The potential benefits of personalization are based on better adherence to customers’ requirements and the resulting customers’ satisfaction. Several studies suggest that this strategy may be particularly suitable in highly competitive sectors like fashion industry, where product differentiation is a key factor to compete in the market and achieve a competitive advantage [6]. A company may decide to offer only a few customizable products, or could adopt a fully made-to-measure strategy involving all aspects of its production [7,8,9,10,11].

This chapter proposes an approach to evaluate Supply Chain (SC) performance of customized productions characterized by small-customized orders within the footwear industry. Thanks to a prototype web-based interface, a simulation model evaluates different type of performance indicators like inventory volume, order delivery, product quality for customized (i.e. small production) and traditional collections (i.e. large productions), and quality and delivery time of suppliers [4]. The model is based on deep analysis of historical data from 8 companies to study the common features of their SCs and to define a model that can represent the most critical and important steps in production.

The chapter is organized as follows. Section 10.2 gives an overview of the literature related to SC management for customized production. Section 10.3 presents the proposed approach, whereas Sect. 10.4 presents the details about the simulation model and the scenarios to be evaluated. Finally, Sect. 10.5 discusses the conclusions and future developments.

2 State of the Art

Customization strategy should enable a company to provide the right product variety without compromising rapid response to market or impinging upon its need for efficient production [9, 10]. In this way, customization is like mass production of customized goods while needing to find a trade-off between efficiency and flexibility [6, 9, 10, 12, 13]. This issue has been extensively studied from the company’s internal point of view by identifying product design aspects (such as modularization and postponement [14, 15]) that can combine the different market demand needs with the production capability of a company [8]. In particular, for what concerns footwear industry, the development of new customized collections has become a significant challenge, where the desire for style, quality and comfort is very high and is influenced by the customer individual expectations and needs. Several footwear companies have decided to shift from the production of standard products to customization of some product collections for final consumers or for their direct first tier customers (i.e. retailers having direct contact with the final market that are able to specify the type of product customization that will be offered and appreciated within their shops). Therefore, footwear industry has started to create collections that match the stylistic and aesthetic trends of the market, e.g. flash collections characterized by a low number of products compared to traditional collections, produced in compressed lead times and characterized by features based on the specific market requirements [16]. However, an analysis that considers the implication that customization has on the entire SC is still missing and this works aims at filling this gap.

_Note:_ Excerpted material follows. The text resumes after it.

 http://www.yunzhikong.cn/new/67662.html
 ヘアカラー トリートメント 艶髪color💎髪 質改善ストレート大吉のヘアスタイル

Customization remains a real challenge within the footwear sector because of the complexity of the entire production process, which encompasses the assembly of several shoe parts while using different materials and manufacturing technologies and needing the involvement of many SC partners.

In customized contexts, the supply network configuration must be supported by the systemic monitoring of performance indicators [17], in particular of the suppliers’ performance, as a way to assure the timing of the delivering process [18]. Therefore, how to physically locate production and manage supplier relationships have become an increasingly important strategic decision as shown both in review [19], in explorative studies [20,21,22] and quantitative modelling [16, 23,24,25,26] to optimize sourcing and production activities.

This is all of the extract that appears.